Speed tables reads a structure definition and emits C code to create and manipulate tables of rows of that structure. This allows operations to be performed on the table at native code speeds, using a custom extension that manages rows of fields as native C structs and emit subroutines for manipulating those rows in an efficient manner.

Memory efficiency is high because we have low per-row storage overhead beyond the size of the struct itself, and fields are stored in native formats such as short integer, integer, float, double, bit, etc.

Computational efficiency is high because we are reasonably clever about storing and fetching those values, particularly when populating from lines of tab-separated data as well as PostgreSQL database query results, inserting into them by reading rows from a Tcl channel containing tab-separated data, writing them tab-separated, locating them, updating them, and counting them, as well as importing and exporting by other means.

Speed tables avoids executing Tcl code on a per row basis when a lot of rows need to be looked at. In particular when bulk inserting and bulk processing via search, Tcl essentially configures an execution engine that can operate on millions of rows of data without the Tcl interpreter's per-row involvement except, perhaps, for example, executing scripted code only on the few rows that match your search criteria.

Speed tables also maintains a "null value" bit per field, unless told not to, and provide an out-of-band way to distinguish between null values and non-null values, as is present in SQL databases... providing a ready bridge between those databases and speed tables.

Example Application

Speed tables is used as the realtime database for a monitoring system that polls millions of devices every few minutes.

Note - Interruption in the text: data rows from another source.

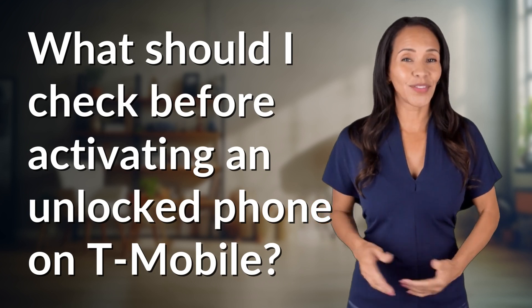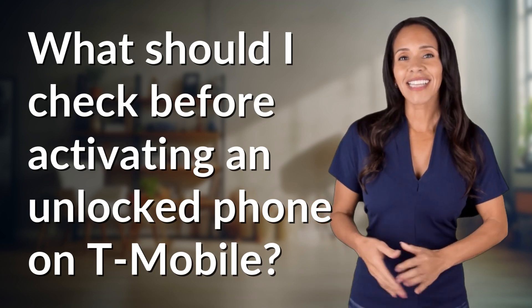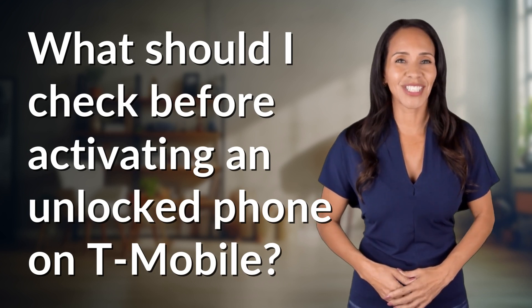Feeding your curiosity, fueling our passion. Let's satisfy our quest for knowledge with today's question.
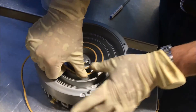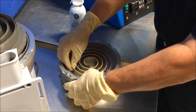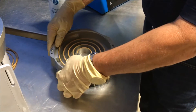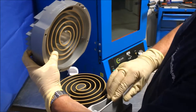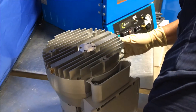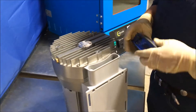Just feed the tip seal into this slot and run your thumb along it to hold it in. The serial number goes to the bottom of the pump — you'll see how the scrolls match up. Set that on, then add the four touch bolts and tighten.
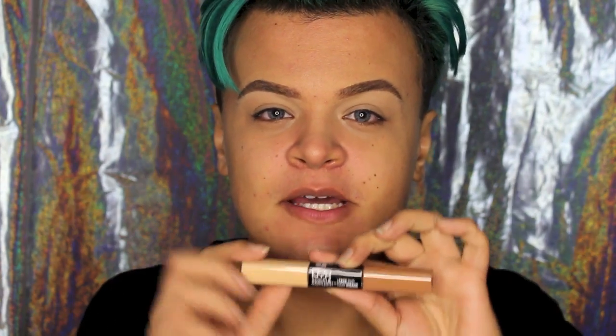Alright, so I already prepped my skin. I primed with Angel Veil from NYX and I did my brows with the NYX Micro Brow in Ash Brown. I cleaned it up with the NYX Sculpt and Highlight Face Duo. This is a new product from NYX — I was so excited to use it and it had hella coverage. So I'm actually going to use this under my eyes later.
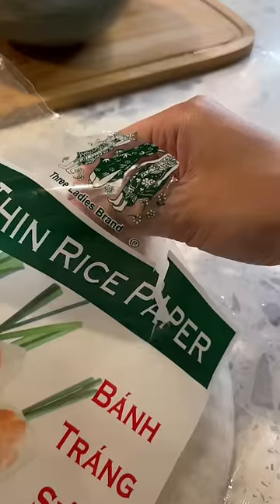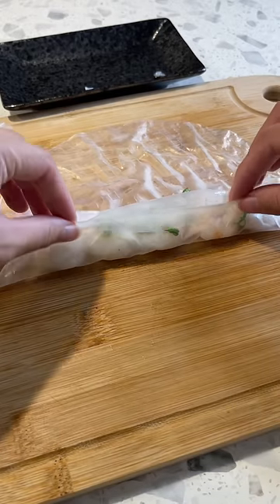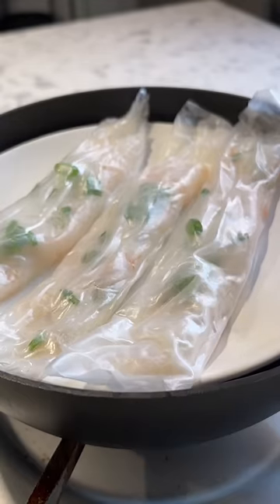Let's try another rice paper recipe. You know those shrimp noodle rolls you get at dim sum? You can make it with rice paper — it's not exact, of course, but pretty similar. I use raw shrimp and added scallions, then oil a plate so it doesn't stick, and steam for about two minutes until the shrimp is cooked.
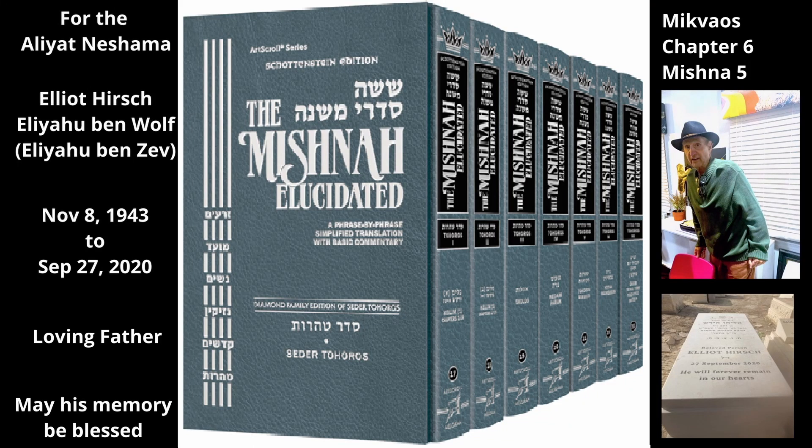Chapter 6, Mishnah 5. In Mishnah 2, we learn that immersion may be performed in a vessel that is in a mikvah even if the vessel is not undergoing Tavila, provided that the water in the vessel is connected to the water in the mikvah by an opening the size of a leather bottle's tube. The Mishnah will discuss whether this size opening suffices even for vessels that are large enough to hold 40 sa'ah.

Device status and performance data is kept in speed tables. Information about the status of devices is continually "swept" to the SQL database at a sustainable rate. The loss of even a sizable number of scan results in the event of a crash is not a serious problem, as within a few minutes of starting up, the system will have obtained fresh data by newly polling the devices.

Speed tables supports defining skip list-based indexes on one or more fields in a row, providing multi-hundred-fold speed improvements for many searches. Fields that are not declared to be indexable do not have any code generated to check for the existence of indexes, etc, when they are changed, one of a number of optimizations performed to make speed tables fast.

[1] It is common to see ten or twenty times the space consumed by the data itself used up by the Tcl objects, lists, arrays, etc, used to hold them. Even on a modern machine, using 20 gigabytes of memory to store a gigabyte of data is at a minimum kind of gross and, at worst, renders the solution unusable.)